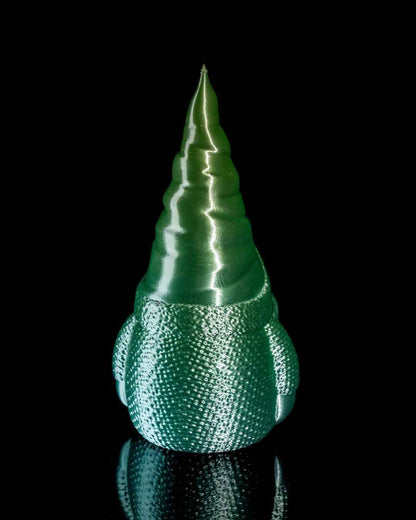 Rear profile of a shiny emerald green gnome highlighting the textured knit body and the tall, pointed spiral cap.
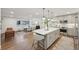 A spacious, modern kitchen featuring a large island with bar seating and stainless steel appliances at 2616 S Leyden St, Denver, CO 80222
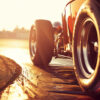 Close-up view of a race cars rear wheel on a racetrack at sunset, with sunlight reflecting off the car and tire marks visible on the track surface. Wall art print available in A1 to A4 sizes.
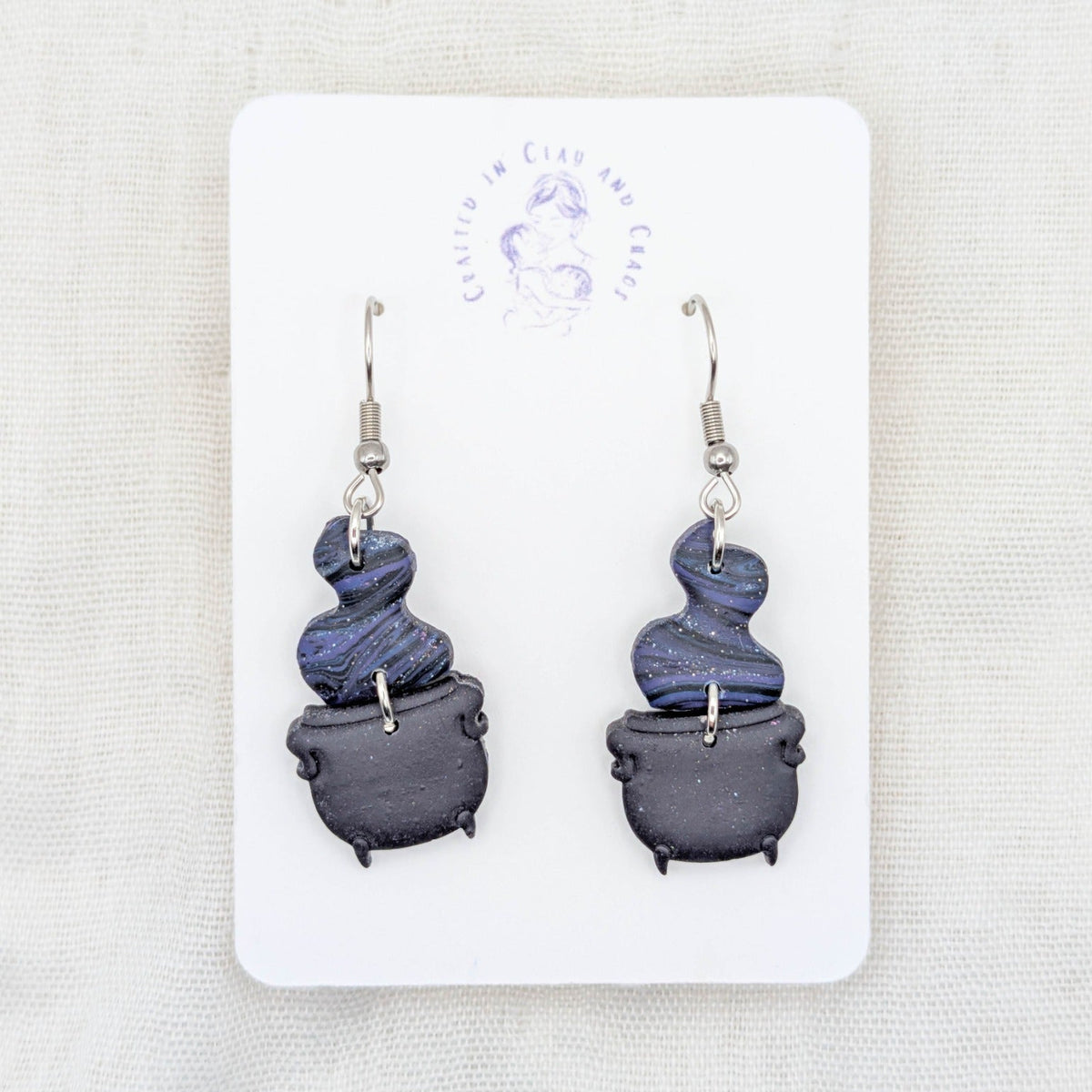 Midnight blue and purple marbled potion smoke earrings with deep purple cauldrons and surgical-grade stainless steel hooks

**Task objective**
Starting with the line that contains "Close-up view of" and ending with the last line of the data above, transcribe exactly those lines and no others, without pictures.

**Answer to this problem**
 Close-up view of a race cars rear wheel on a racetrack at sunset, with sunlight reflecting off the car and tire marks visible on the track surface. Wall art print available in A1 to A4 sizes.
 Midnight blue and purple marbled potion smoke earrings with deep purple cauldrons and surgical-grade stainless steel hooks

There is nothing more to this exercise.